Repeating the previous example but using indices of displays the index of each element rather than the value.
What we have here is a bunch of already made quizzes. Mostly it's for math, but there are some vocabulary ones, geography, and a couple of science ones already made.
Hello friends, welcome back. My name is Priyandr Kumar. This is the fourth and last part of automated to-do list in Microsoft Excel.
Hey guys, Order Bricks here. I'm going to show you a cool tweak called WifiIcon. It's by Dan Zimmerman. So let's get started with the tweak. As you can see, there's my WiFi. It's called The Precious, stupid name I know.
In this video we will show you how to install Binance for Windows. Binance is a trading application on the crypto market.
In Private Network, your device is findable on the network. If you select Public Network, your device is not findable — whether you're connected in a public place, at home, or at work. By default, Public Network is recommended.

--

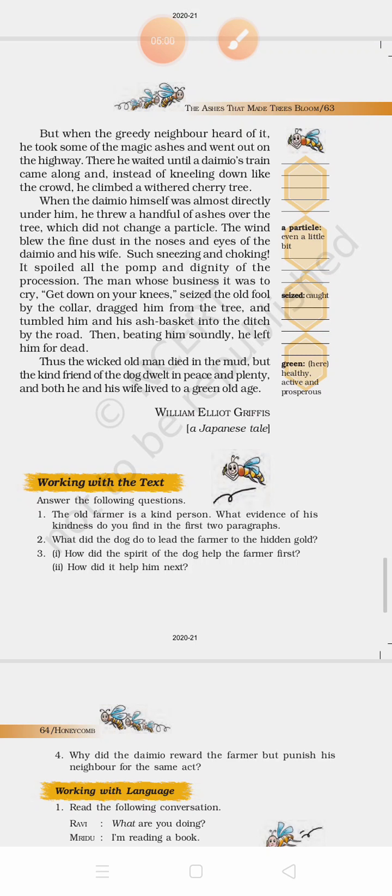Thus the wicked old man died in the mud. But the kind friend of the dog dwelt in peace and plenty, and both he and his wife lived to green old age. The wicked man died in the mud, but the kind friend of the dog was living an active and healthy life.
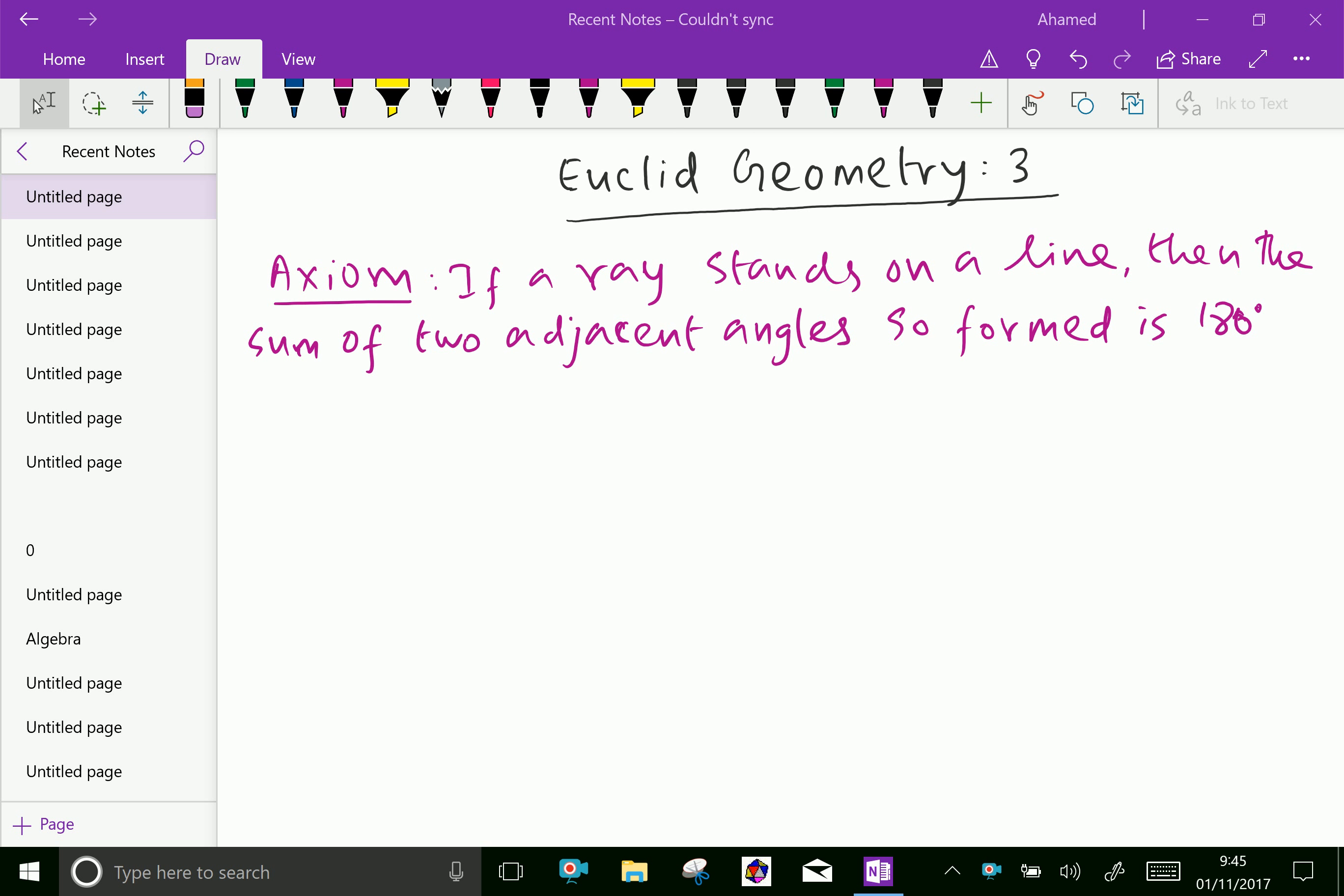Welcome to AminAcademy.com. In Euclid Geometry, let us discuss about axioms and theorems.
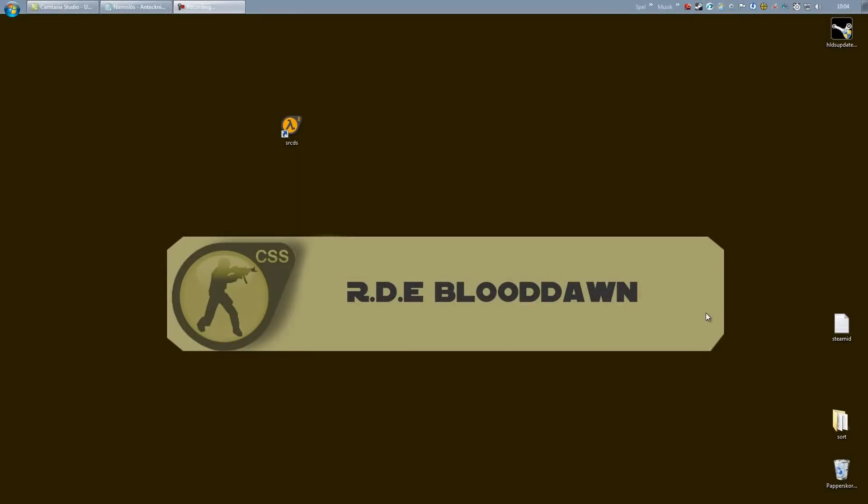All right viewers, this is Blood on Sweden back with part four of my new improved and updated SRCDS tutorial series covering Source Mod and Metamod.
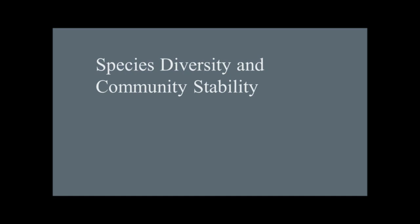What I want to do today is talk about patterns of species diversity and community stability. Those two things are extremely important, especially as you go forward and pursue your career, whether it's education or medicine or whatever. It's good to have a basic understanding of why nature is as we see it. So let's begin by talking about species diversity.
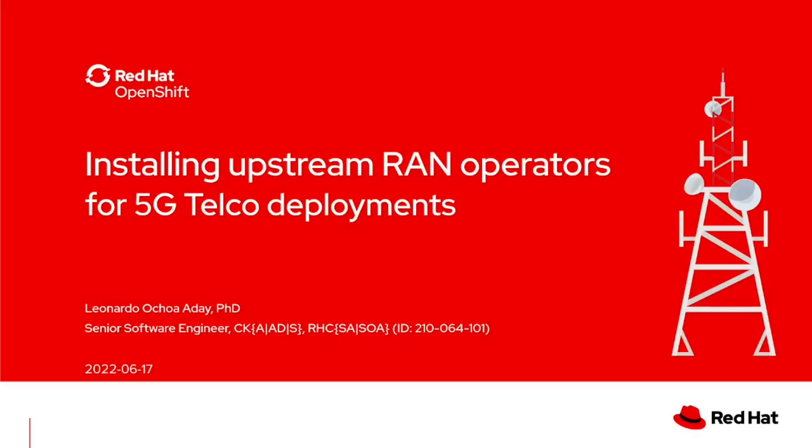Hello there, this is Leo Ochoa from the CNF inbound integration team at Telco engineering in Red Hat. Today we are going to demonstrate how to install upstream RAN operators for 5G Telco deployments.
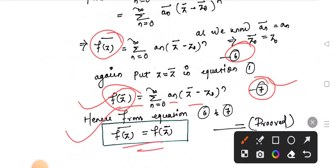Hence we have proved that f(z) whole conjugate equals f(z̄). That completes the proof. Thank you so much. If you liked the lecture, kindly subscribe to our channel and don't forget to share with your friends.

==

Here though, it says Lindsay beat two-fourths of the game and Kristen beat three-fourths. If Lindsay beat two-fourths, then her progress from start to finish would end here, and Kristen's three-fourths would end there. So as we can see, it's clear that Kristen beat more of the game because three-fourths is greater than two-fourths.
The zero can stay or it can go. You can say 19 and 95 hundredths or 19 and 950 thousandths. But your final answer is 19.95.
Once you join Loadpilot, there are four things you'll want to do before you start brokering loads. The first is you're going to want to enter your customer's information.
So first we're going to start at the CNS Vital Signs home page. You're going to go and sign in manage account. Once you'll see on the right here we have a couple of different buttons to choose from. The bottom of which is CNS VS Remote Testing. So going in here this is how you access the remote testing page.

What is needed: Among the entries, how many lines contain the string "show"? Give the number without anything else.

Response area: 2